Noi lo sapevamo, avevamo ricevuto molte segnalazioni e nutrivamo moltissimi sospetti, ma non avevamo prove. Ora abbiamo una testimonianza che a questi sospetti dà ancora più forza.
Le frasi che riportiamo, tratte da un documentario del canale «cult» di Sky, è una bomba. Una bomba che farà saltare l’assetto del Senato della Repubblica e metterà in crisi la maggioranza dell’Unione. Di che si tratta? Si tratta di un lavoro giornalistico come in Italia ormai non usa più vederne, specialmente in televisione. È un documentario sconvolgente per lo scontro tra il cinismo dei dirigenti italiani dell’Unione e i loro candidati «idealisti» dell’America Latina, i quali peraltro sono perfettamente consapevoli del fatto che la raccolta dei voti degli italiani all’estero nel continente americano è taroccata e che la vittoria sarebbe andata alla Casa delle libertà se un mare di brogli non fosse stato messo in atto con un cinismo che fa accapponare la pelle.

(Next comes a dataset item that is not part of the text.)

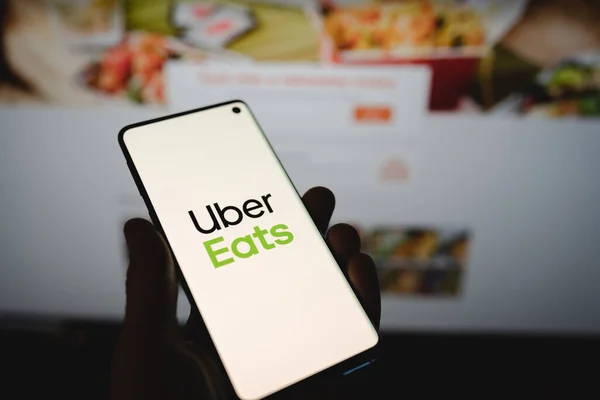 Χέρι με Uber Eats εικονίδιο app στο smartphone — Φωτογραφία Αρχείου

Non ci sono parole per esprimere l’indignazione, il biasimo, la nausea di fronte a un massacro della volontà degli elettori che si è poi tradotto in un furto di seggi in Senato. Possiamo soltanto invitare i lettori a leggere immediatamente la trascrizione del documentario che andrà in onda nei prossimi giorni sulla rete digitale. Un lavoro eccezionale è stato compiuto da un regista e da reporter coraggiosi che si sono introdotti nelle stanze segrete della corruzione elettorale e della manipolazione dei voti. È straordinario che questo documentario sia stato pensato e programmato prima delle elezioni seguendo una intuizione che si è rivelata perfettamente aderente alla verità e alla realtà: andare a controllare le relazioni fra i candidati e i vertici romani e scoprire i baratti, gli illeciti, le falsificazioni che si sarebbero poi tradotti in voti falsati e seggi senatoriali rubati.
Noi confidiamo che lo scandalo esploda con tutta la forza della verità che esso contiene e che imponga una revisione immediata del computo dei seggi del Senato della Repubblica e l’annullamento delle elezioni degli italiani all’estero del continente americano affinché i seggi possano tornare ad essere messi a disposizione degli elettori con un nuovo turno elettorale straordinario, sempre che non esistano le condizioni per dichiarare nulla l’intera elezione del Senato della Repubblica.
Tutto ciò sarà materia di scontro immediato politico ma anche un banco di prova formidabile per sperimentare il dichiarato spirito super partes del presidente della Repubblica Giorgio Napolitano, al quale non riteniamo nemmeno di dover rivolgere un particolare appello: saprà lui, supremo custode della Costituzione e della legalità repubblicana, prendere le decisioni che il suo alto incarico gli impone?